In 2009, then mayoral candidate Mike McGinn was criticized for his "rude" treatment of GSBA staff members while attending that year's event. Subsequently, he won the 2009 election.

=== Scholarship program ===
In 1990, two teachers saw a need for LGBT and allied students who needed financial assistance with higher education expenses. At the time it was the nation's first LGBT and allied scholarship fund. Six years into the program, the organization had granted five scholarships totaling $10,000. In 1998, Richard C. Rolfs (a Wenatchee-native and longtime gay rights activist) bequeathed $200,000 to the GSBA Scholarship Fund, establishing an endowment in his name. By 2001, the program was granting more than $50,000 each year in undergraduate scholarships.

The GSBA Scholarship Fund awards scholarships to LGBTQ and allied students who exhibit leadership potential, demonstrate strong academic abilities, and are actively involved in school and community organizations. Founded in 1991, the GSBA Scholarship Fund has awarded over 650 scholarships totaling over $3 million.

In May 2010, at the Annual Scholarship Awards Dinner, GSBA gave out its one millionth dollar ($1,000,000) in cumulative scholarship grants. The following November the primary fundraising event for the program, The Taste of GSBA, grossed $345,000 from the dinner auction.

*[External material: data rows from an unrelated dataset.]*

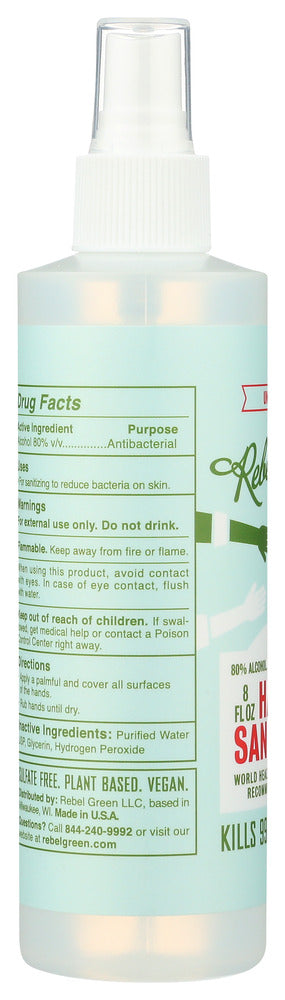 Rebel Green: Sanitizer Hand Unscented, 8 Oz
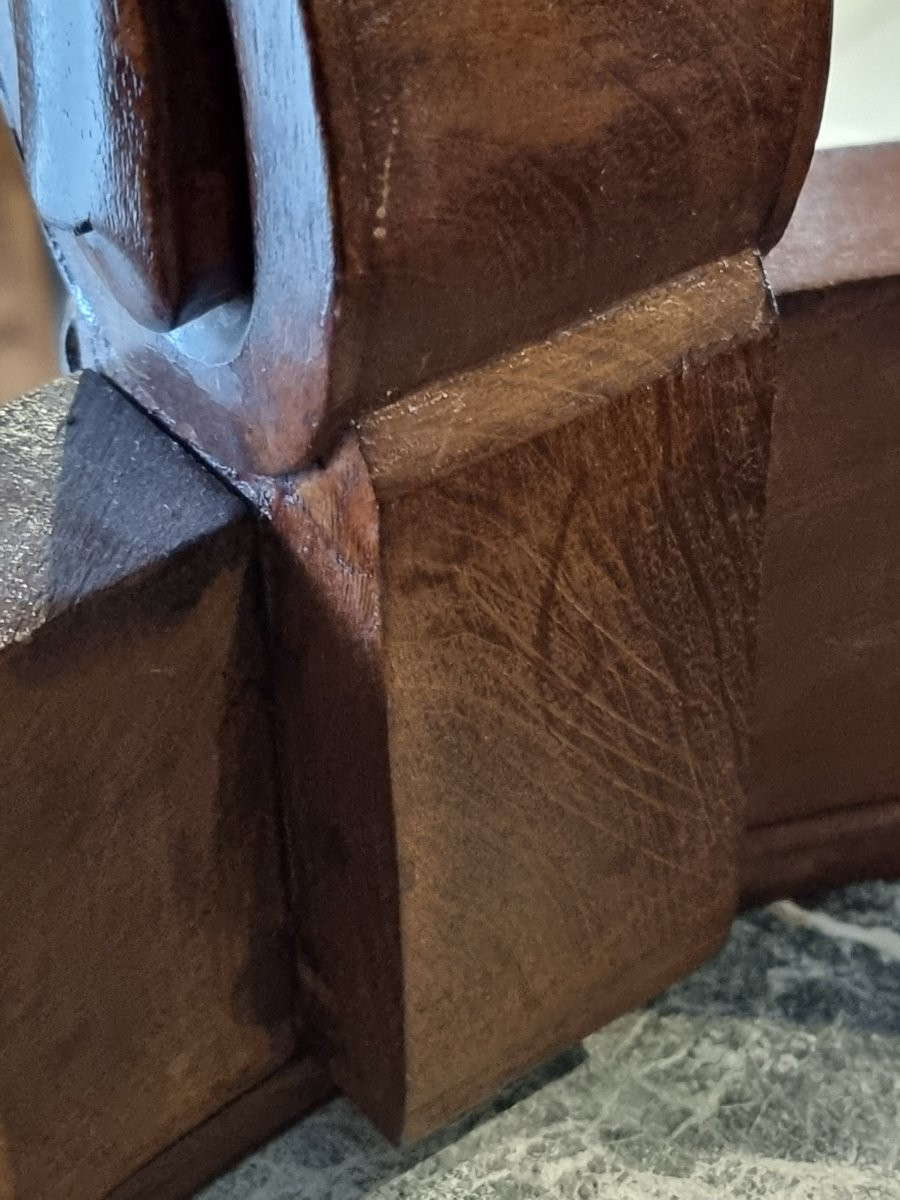 Console mezzaluna in stile Luigi XVI in noce scolpito con piano in marmo verde-photo-6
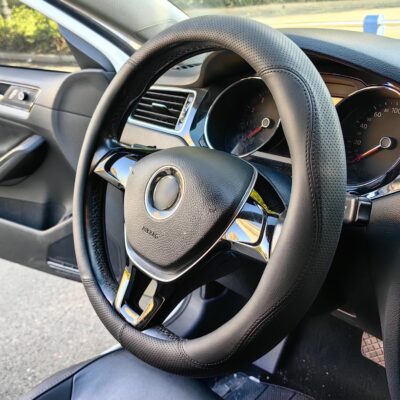 XHRING Car Steering Wheel Cover for Ford F150 F250 F350 Super Duty Expedition Toyota Tacoma Tundra 4Runner RAM 1500 2500 3500 Lexus GX Grand Caravan Range Rover Accessories Leather Black (15 ½''-16'') - Image 4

GSBA hosts an annual celebration of excellence, leadership, and philanthropy within the GSBA business and nonprofit communities.

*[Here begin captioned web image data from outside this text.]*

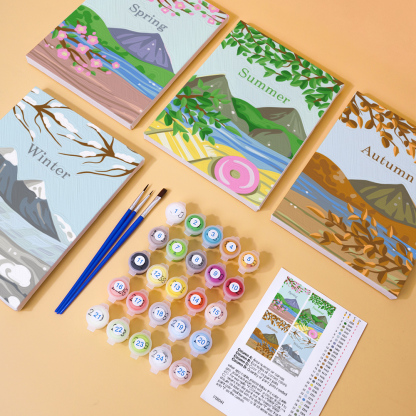 4 pieces, Mountain Peak Mini Digital Painting Set, 15x20cm/5.9x7.8 inches, handmade, suitable for family leisure, is the perfect gift for family and friends.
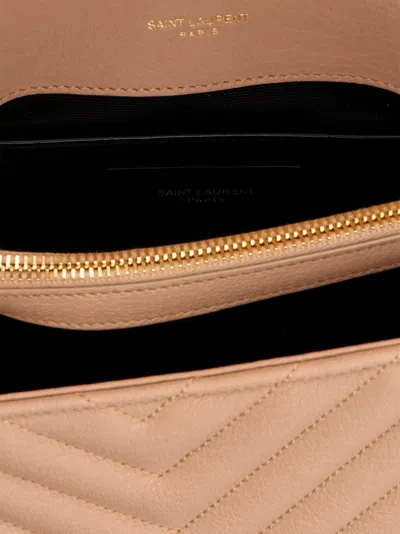 Saint Laurent College Crossbody Bags Beige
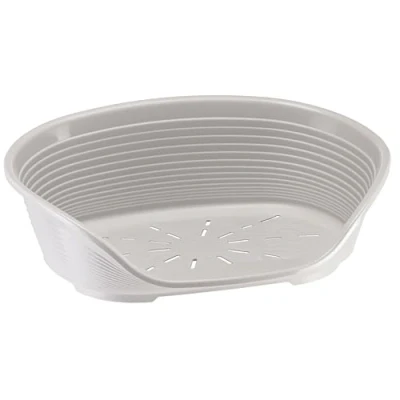 Image of Ferplast Dog Bed Cat Extra Small Plastic Washable breathable and non slip Siesta Deluxe, 43 x 28 xh 17.5 CM, Light Grey
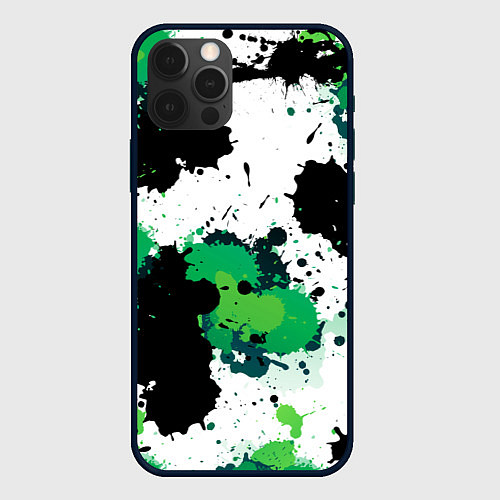 Чехол iPhone 12 Pro Яркие брызги красок / 3D-Черный – фото 1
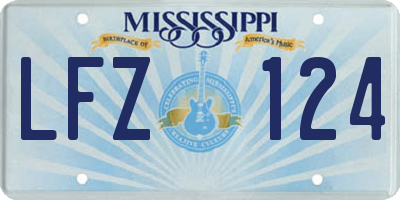MS license plate LFZ124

The association participates each year in Seattle's LGBT pride festivities. In 2006 graphic designer Andrea Rouleau designed a birthday cake float to celebrate GSBA's 25th anniversary.

===Pandemic support for businesses ===
During the COVID-19 pandemic in 2020, GSBA worked with large employers and private donors in the Seattle area to provide financial assistance to local small businesses that were struggling due to the pandemic. This assistance is credited with saving local businesses and preventing them from closing.